Y atentos al detalle: Jesús sanó a todos. No sanó a los que podía sanar y a los
casos difíciles derivarlos a un especialista médico. No sanó a los pobres y a
los marginados; sanó también a los ricos y poderosos. Sanó a los creyentes y a
los incrédulos; a los que tenían fe y a los que solo iban a ver si les tocaba
la lotería de Navidad. Curó a todos, hombres y mujeres, sin hacer distingos de
edad, condición, gravedad o estado. Ese es Jesús y ese es Dios, aquel que
despliega y derrama su gracia sobre justos e injustos, que restaura con el
poder de su única voluntad, y que, más allá de la medida de la fe de cada uno
de los pacientes, demuestra su amor eterno e incondicional con el ser humano
mientras tiene que pasar como un peregrino por este mundo.
Jesús no hacía
todas estas cosas para lucirse, o para proyectar y catapultar su fama de
taumaturgo o hacedor de milagros. No sanaba a tontas y a locas, sin propósito
definido y concreto. No se dedicaba a expulsar demonios y a curar enfermedades
para caer bien a la gente. Lo hacía para cumplir la promesa de su Padre, para
enseñar al mundo que el plan de salvación de Dios, ideado desde la eternidad,
recogía actos portentosos y hazañas milagrosas con el fin de fijar el objetivo
de redimir a cuantos quisieran hacer suyo el evangelio predicado por Jesús, y a
cuantos entregasen su vida en absoluta sumisión y confianza a Dios: “Para que se cumpliese lo dicho por el
profeta Isaías, cuando dijo: El mismo tomó nuestras enfermedades, y llevó
nuestras dolencias.” (v. 17). Jesús vino a cumplir las promesas de Dios a
su pueblo, y la sanidad era parte importante de la evidencia de que la era de
la gracia estaba inaugurándose en Jesús. Isaías
53:4, en ese cántico estremecedor y profético llamado del Siervo Sufriente,
retrata a Jesús y su ministerio de amor y perdón de manera tan fidedigna que
pone los vellos de punta y los pelos como escarpias. Parte de su tarea sería
sanar el cuerpo y a su vez, sanar el corazón quebrado de la humanidad sin Dios.
Algunos quieren,
por razones obvias de enriquecimiento personal, atribuir a la cruz y a la
sangre de Cristo propiedades sanadoras y curativas, cayendo en el falaz error
de interpretar que el creyente verdadero, en virtud de la obra sacrificial de
Jesús en el madero, ya no debe tener dolores, ni enfermedades, ni malestares.

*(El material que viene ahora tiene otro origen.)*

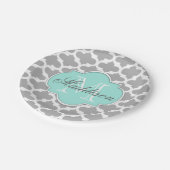 Gray Aqua Elegant Pattern Monogram Papieren Bordje (Gekanteld)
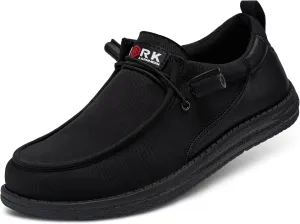 LARNMERN Steel Toe Loafers Women Slip On Canvas Shoes Work Safety Tennis Shoe Lightweight Walking Sneakers(11 Women, Black)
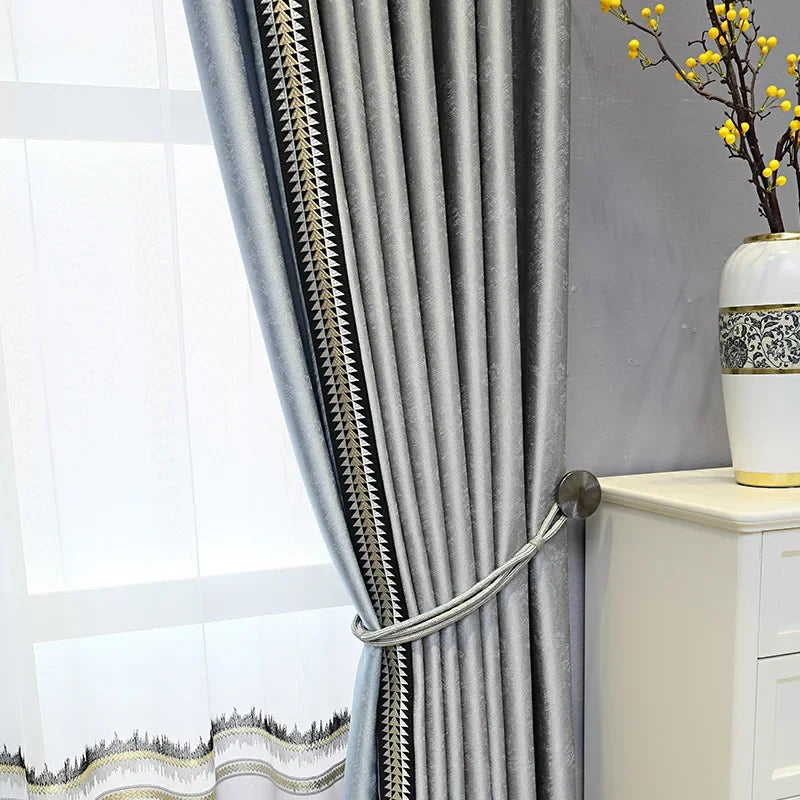 Modern High-End Curtains - Thickened High-Precision Blackout Drapes for Living Room & Bedroom - Shello's Creative Boutique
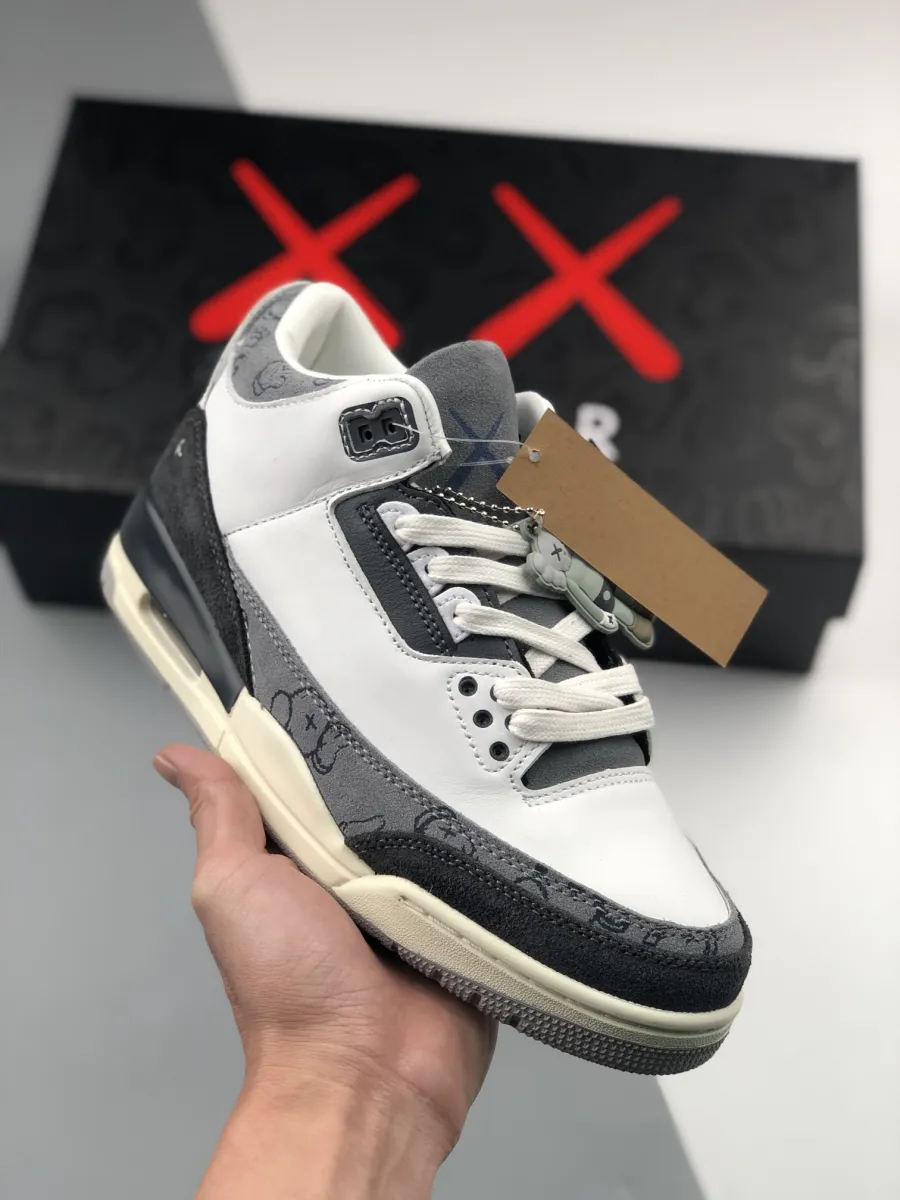 KAWS x Air Jordan 3 White Grey Black - jordan 3 on sale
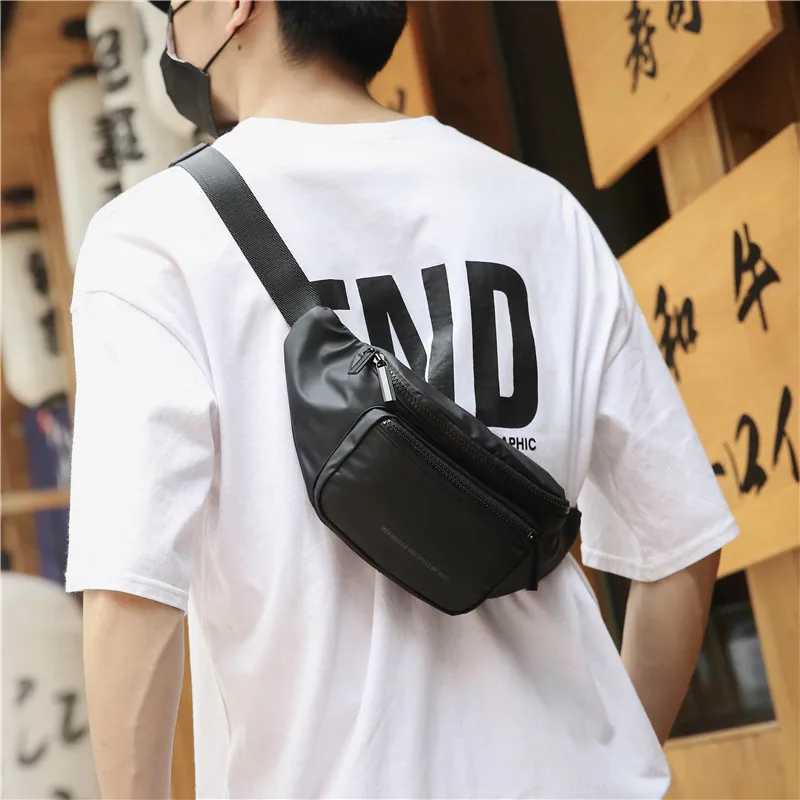 Fashion Fanny Pack Black Waterproof Money Belt Bag Men Purse Teenager's Travel Wallet Belt Male Waist Bags Crossbody Chest Bag - Color: black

El truco que emplean con magistral perversión es realizar reuniones de sanidad
y milagros según les convenga, y si alguien no es sanado, responder que o bien
no tiene fe o suficiente cantidad de ella, o bien que tiene pecado en su vida y
que esto cortocircuita su comunión salutífera con Dios. Con lo fácil que es
entender que lo que aquí se dice es que las enfermedades y dolencias son una
manifestación más del pecado, y que el verdadero milagro es ser liberado de las
cadenas de éste. Este es el auténtico milagro que Dios quiere hacer en nuestras
vidas: sanar el espíritu, sin descartar la curación corporal por medio de la
oración del justo en comunidad.
CONCLUSIÓN
La enfermedad nos
afecta a todos. Físicamente notamos sus estragos y achaques, y conforme la edad
aumenta, aumentan las bisagras herrumbradas y los dolores de todo tipo. En
muchas ocasiones hemos podido comprobar el poder de Dios sobre la enfermedad en
nuestras propias carnes, y en otras hemos considerado su gracia al no quitarnos
determinadas molestias para enseñarnos lecciones valiosas sobre la
perseverancia, la humildad y la soberanía de nuestro Señor. Un día, cuando
estemos en la presencia de Cristo allá en los cielos, todo nuestro sufrimiento
será menos que un recuerdo.
Mientras llega
ese momento de victoria y gloria, oremos los unos por los otros para que el
Señor siga ocupándose de nuestros maltrechos tabernáculos, cuidemos nuestra
salud haciendo caso a los médicos sin tentar a la suerte, y encomendémonos a
nuestro Padre celestial para predicar al mundo que el milagro más grande jamás
visto es el de la sanidad y la restauración del espíritu. Y no olvides que
cuando el Señor haga su obra de sanidad en tu vida, seas agradecido y le sirvas
con gozo y amor constantes.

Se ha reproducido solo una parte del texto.